Activity 4: A New Pest is Discovered!

  1. Place students into groups of two, three, or four.
  2. Discuss with the students that all living things require air, food, water, and shelter to survival. Explain to the students that they are going to invent, design, and build a pest.
  3. Show the students the supplies that are available.
  4. Have the students do the following:
    • Decide what the pest will do.
    • Build an imaginary pest out of the supplies that are available, keeping in mind that the pest requires air, water, food, and shelter.
    • Name the pest.
    • Determine the quantities of the pest needed to cause significant damage.
    • Decide how the pest is controlled.
  5. Have the students prepare cue cards for an oral presentation.
  6. Have the students present their pests to the class for discussion.
  7. As a culminating activity, have the students write about what they have learned about pest management. Use the attached, What I Learned About Pests and Pest Management worksheet.

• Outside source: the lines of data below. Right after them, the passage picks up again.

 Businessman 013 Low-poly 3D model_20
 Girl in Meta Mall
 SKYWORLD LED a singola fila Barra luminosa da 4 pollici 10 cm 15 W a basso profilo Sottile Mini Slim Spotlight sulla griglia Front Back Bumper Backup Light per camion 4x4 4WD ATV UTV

Suggested Companion Resources

Sources/Credits

This lesson, originally developed in 1996, was funded by the California Strawberry Commission and the California Farm Bureau Federation. To meet the needs of California educators, What's Bugging You? has been revised to support the Curriculum Content Standards for California Public Schools and updated to include discussion of current agricultural pests. Funding from the California Department of Food and Agriculture and the California Farm Bureau Federation was used to make this revision possible.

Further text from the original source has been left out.